I have a script that uses a new built-in package in Python 3.14:
from pathlib import Path
import tarfile
# List of NDJSON files you want to compress
fileToCompress = [r"E:\Personal Projects\tmp\tarFiles\chunk_0.ndjson",
r"E:\Personal Projects\tmp\tarFiles\chunk_0.ndjson",
r"E:\Personal Projects\tmp\tarFiles\chunk_0.ndjson"]
fileToCompress = [Path(p) for p in fileToCompress]
# Output archive name
outputArchive = r"E:\Personal Projects\tmp\tarFiles\dataset.tar.zst"

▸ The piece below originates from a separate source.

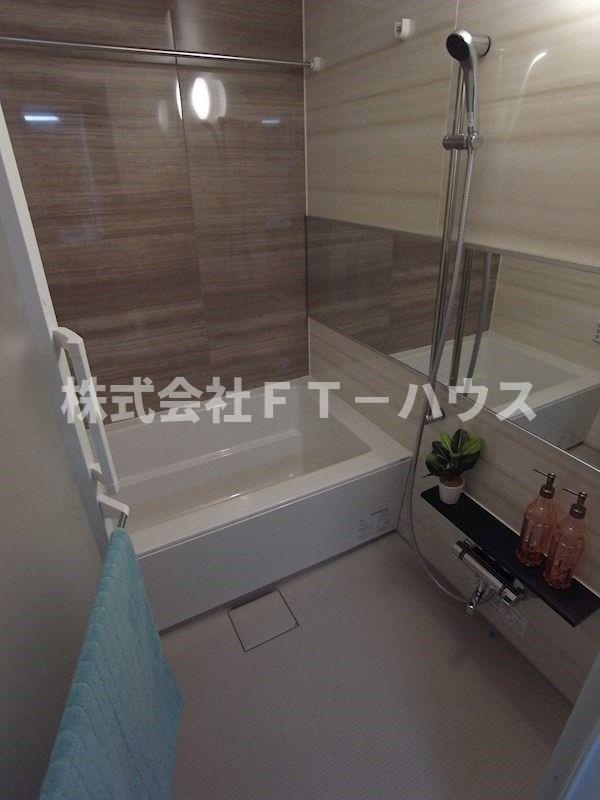 ＩＷＡ３の浴室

outputArchive = Path(outputArchive)
# Create a .tar.zst archive without including folder paths
with tarfile.open(outputArchive, "w:zst") as tar:
for file in fileToCompress:
# Use only the filename (no directories) inside the archive
tar.add(file, arcname = file.name)
print(f"Created archive: {outputArchive}")
A big benefit of Zstandard is its built-in parallel compression. You can see here for how to set the number of threads in compression.zstd.open(zstdDir, 'wb') as g.
Can we configure the number of threads in with tarfile.open(outputArchive, "w:zst") as tar?